CHICAGO -- Marlon Byrd returned to Chicago on Thursday, less than a week after the Cubs dealt the struggling center fielder to Boston.
Byrd was on the city's south side, as he and his new teammates began a four-game series with the White Sox at U.S. Cellular Field.
Byrd, who was traded to the Red Sox on Saturday for reliever Michael Bowden and a player to be named, had nothing but good things to say about the Cubs organization. He said he was especially thankful for Cubs president of baseball operations Theo Epstein, general manager Jed Hoyer and manger Dale Sveum trading him to another historic organization.
"To go from Chicago to Boston and to not be losing anything in fans, not be losing anything in tradition ... just all around it's great for me," Byrd said. "I come in here, get a chance to help this team out and win and get to the playoffs."
The 34-year-old Byrd said he expected to get traded, knowing that 2009 first-round Draft pick Brett Jackson is the Cubs' future in center field, but he expected it to be closer to the July 31 non-waiver Trade Deadline. But Byrd's slow start -- he had only two hits in his first 43 at-bats -- and Boston's need for another outfielder made it happen sooner.
Byrd, who spent two full seasons in Chicago, said he believes the Cubs are heading in the right direction. Although it might take a few years to get there, Byrd said, once they do, he thinks the Cubs will remain a perennial contender.
"It's going to be a couple years," Byrd said. "I said it when Theo came over: My guess was about 2014, 2015, they're going to be ready to contend every year. Not just be good that year -- every year.
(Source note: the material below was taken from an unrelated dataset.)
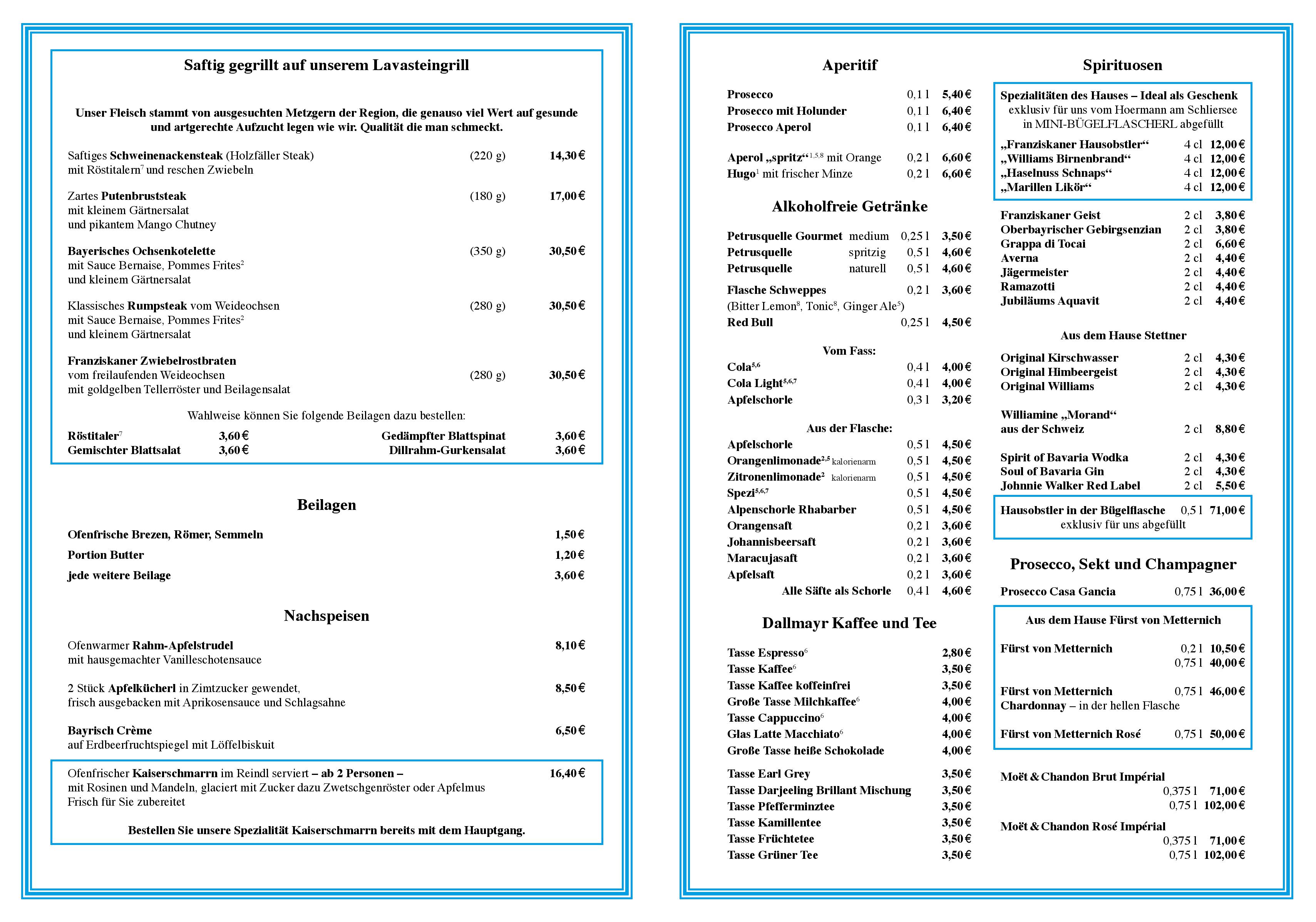 Speisekarte Gaststätte Zum Franziskaner in München, Seite 5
From that point on, start a dynasty, kind of like the Phillies did, kind of like the Braves did."
While Byrd likely won't be with the Cubs when that time comes, he played a key role in changing a clubhouse culture that had gotten complacent.
Byrd helped younger players like Jackson and fellow outfielder Tony Campana in Spring Training, while fellow veterans Ryan Dempster and Reed Johnson spoke highly of Byrd's professionalism following the trade, which Byrd appreciated.
"My big thing was, when I did leave the organization, hopefully they were going to be better off than when I got there," Byrd said. "If I left a couple of footsteps and imprints, that's great."